Exercise: Could you retype the lines below, starting at the line holding "TOYOTA Yaris 2024" and stopping at the line holding "Дънките са символ", inclusive? Copy them exactly and drop the images.
··· Excerpted data ···
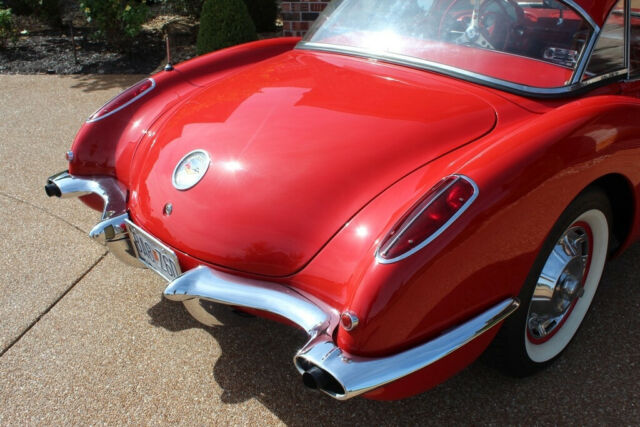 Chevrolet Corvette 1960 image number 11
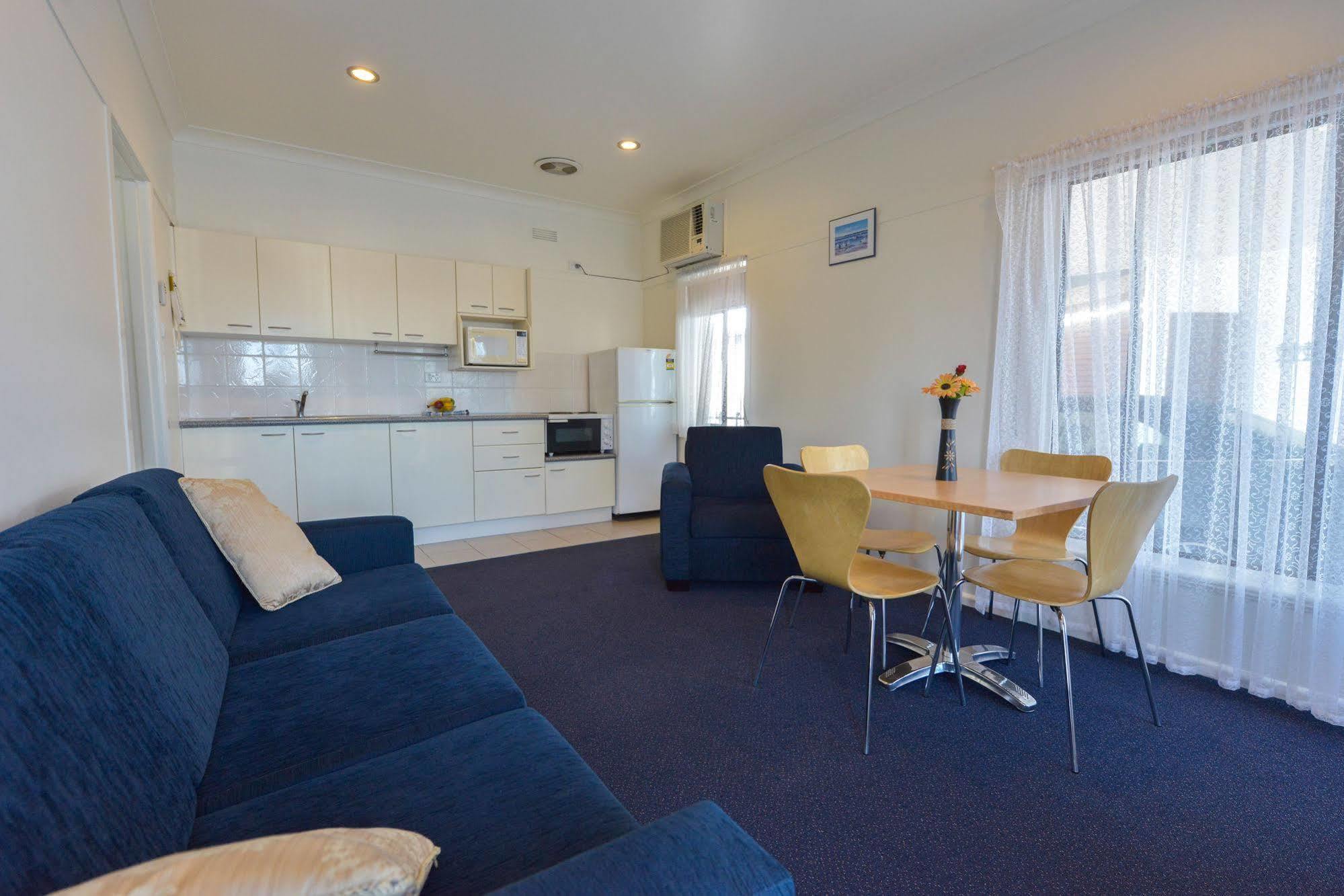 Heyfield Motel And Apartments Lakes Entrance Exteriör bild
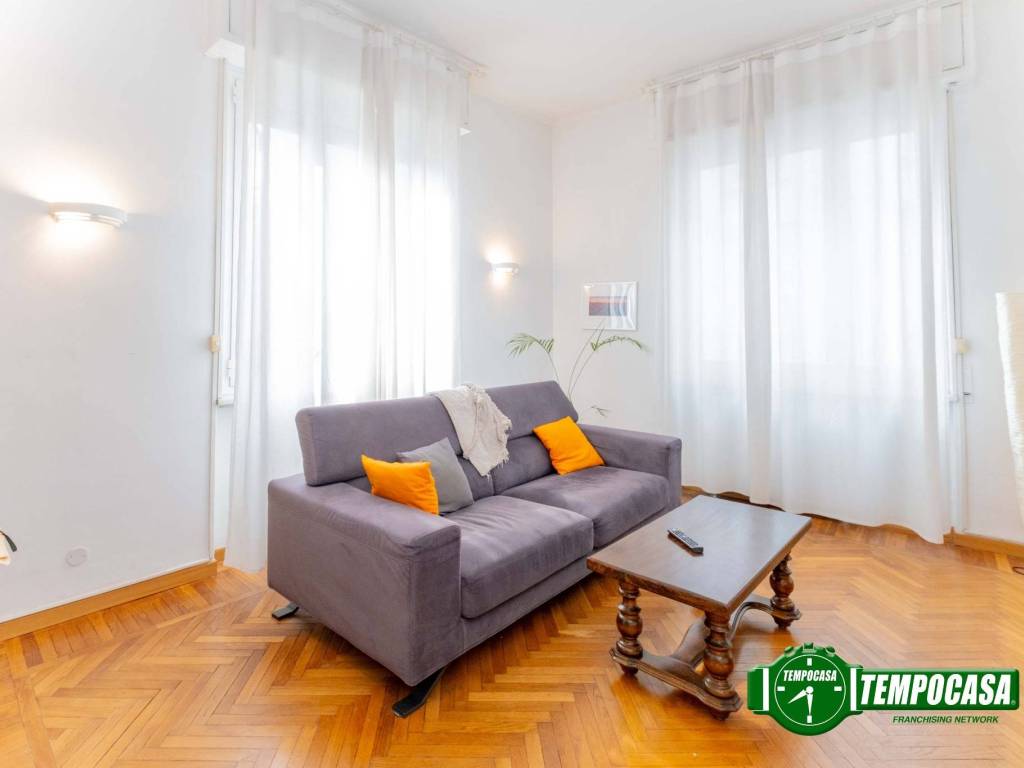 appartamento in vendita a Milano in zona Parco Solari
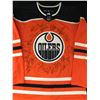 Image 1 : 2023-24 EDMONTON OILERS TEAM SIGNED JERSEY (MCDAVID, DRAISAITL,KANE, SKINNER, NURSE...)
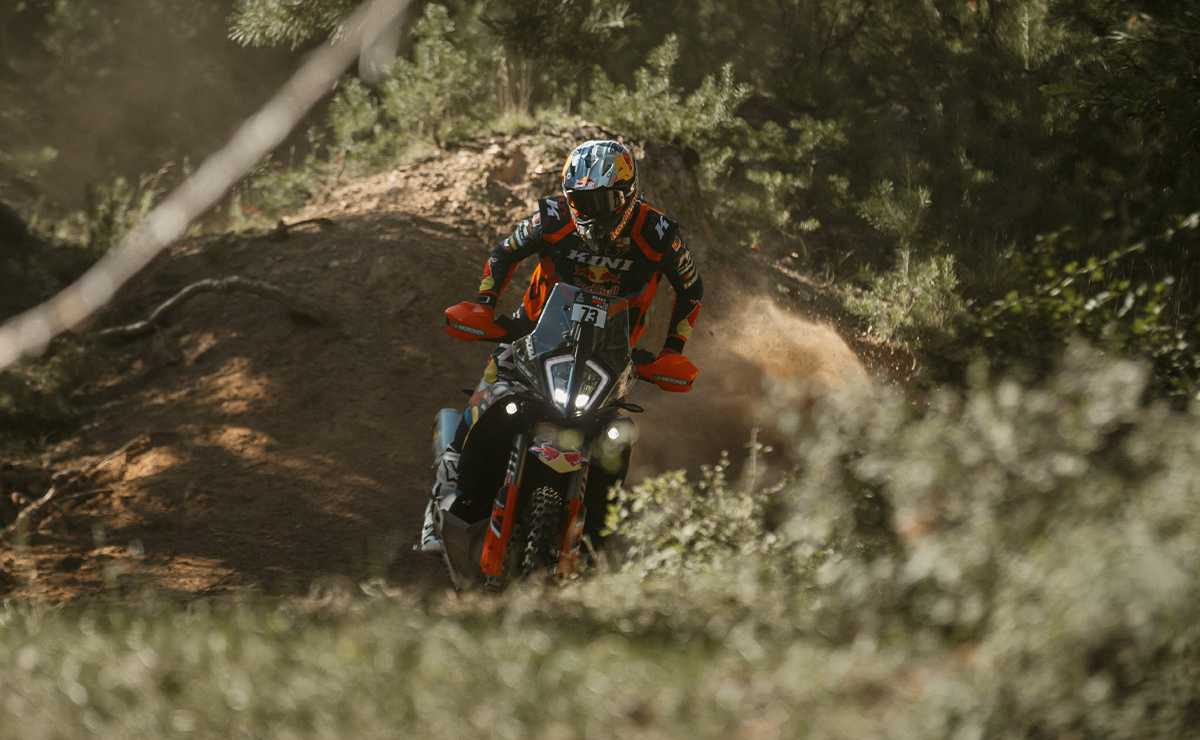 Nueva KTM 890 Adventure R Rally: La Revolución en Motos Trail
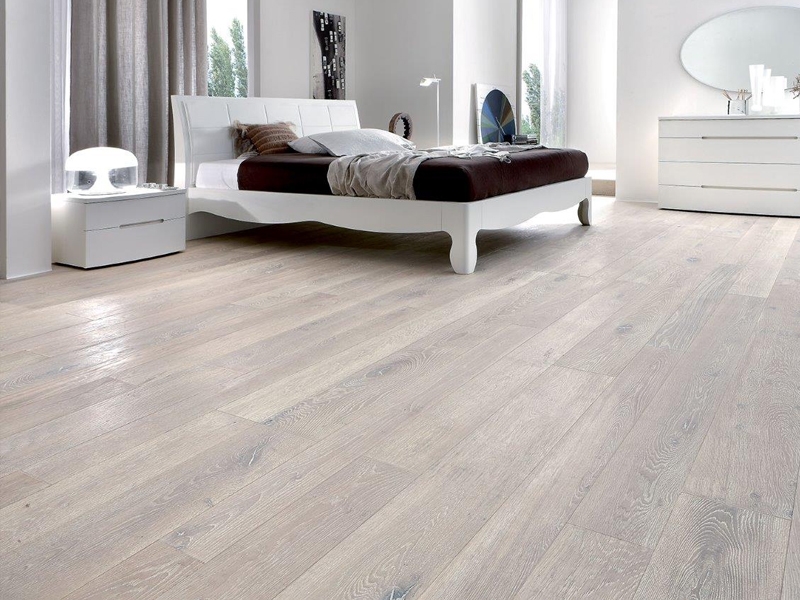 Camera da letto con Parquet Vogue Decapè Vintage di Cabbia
···
··· Excerpted data ···
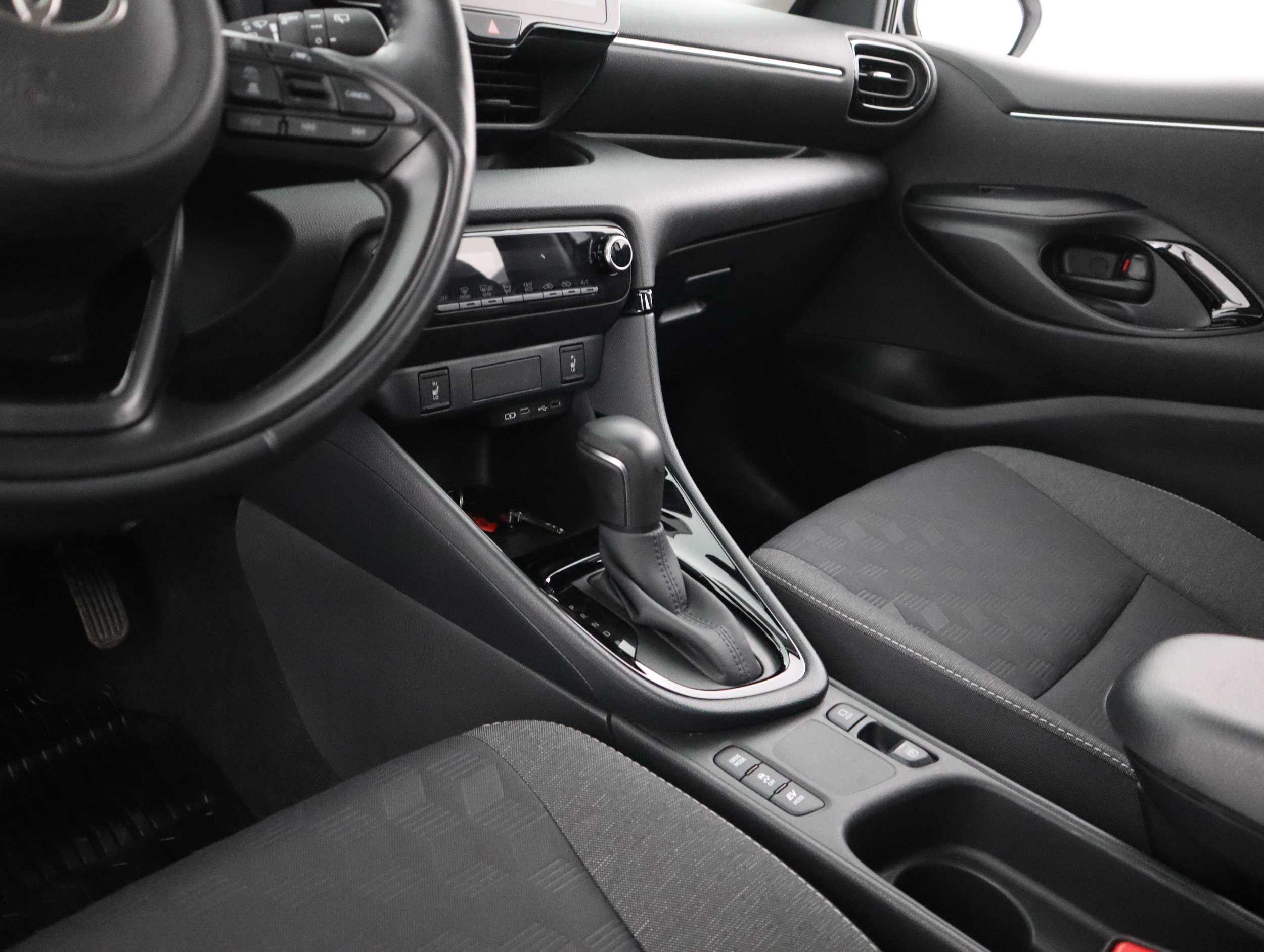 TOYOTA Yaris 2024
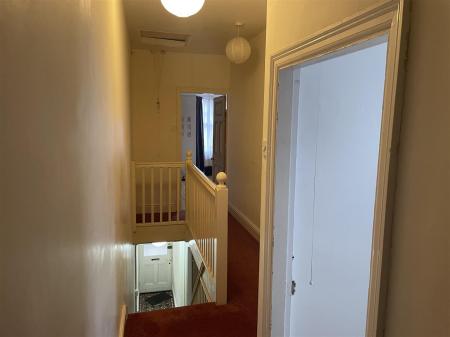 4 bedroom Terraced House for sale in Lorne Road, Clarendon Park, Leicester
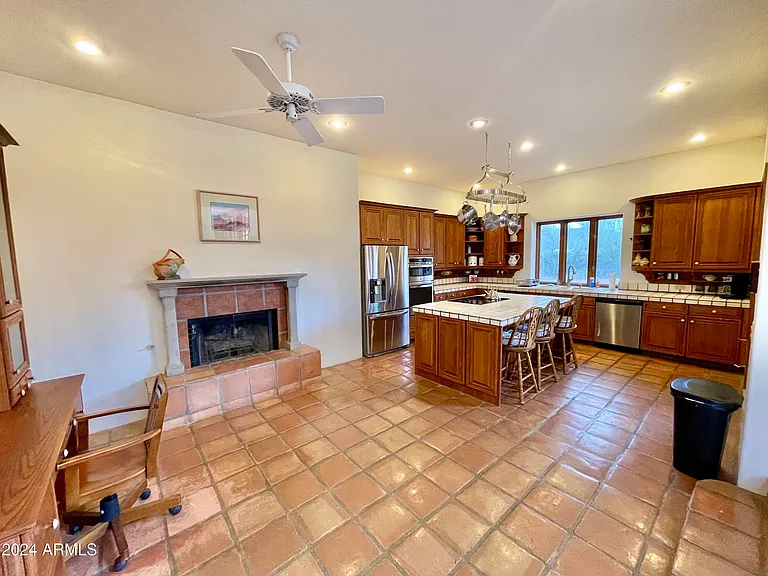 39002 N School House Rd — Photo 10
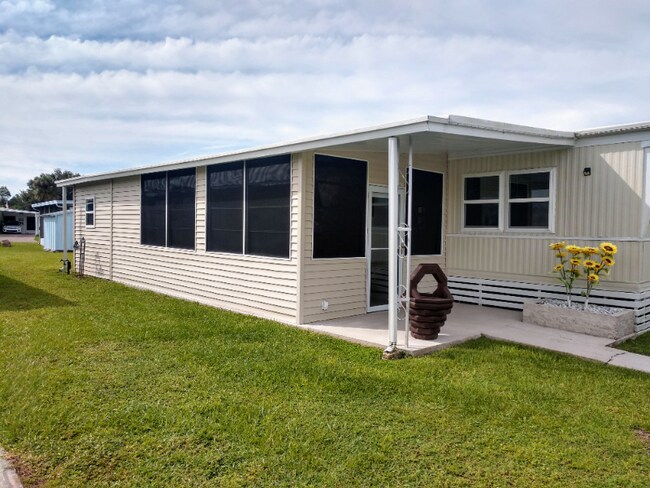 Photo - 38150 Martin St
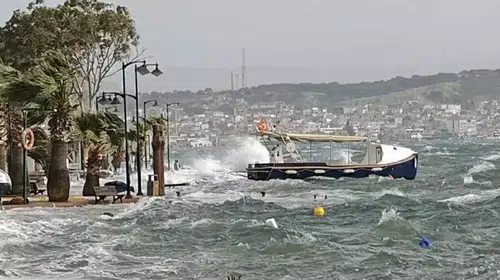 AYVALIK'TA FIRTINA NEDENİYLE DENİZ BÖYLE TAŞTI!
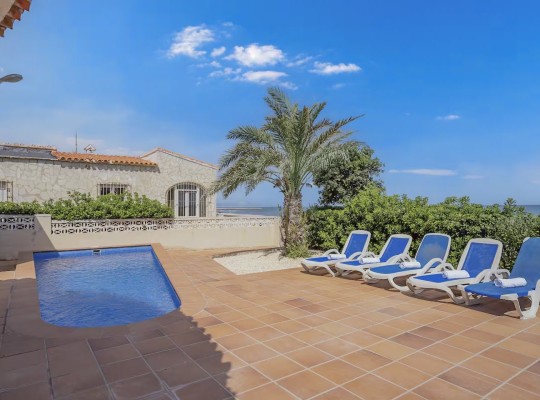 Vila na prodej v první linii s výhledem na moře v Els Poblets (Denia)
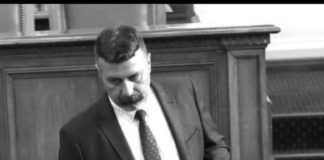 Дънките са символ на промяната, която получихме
···
Solution to this task:
 TOYOTA Yaris 2024
 4 bedroom Terraced House for sale in Lorne Road, Clarendon Park, Leicester
 39002 N School House Rd — Photo 10
 Photo - 38150 Martin St
 AYVALIK'TA FIRTINA NEDENİYLE DENİZ BÖYLE TAŞTI!
 Vila na prodej v první linii s výhledem na moře v Els Poblets (Denia)
 Дънките са символ на промяната, която получихме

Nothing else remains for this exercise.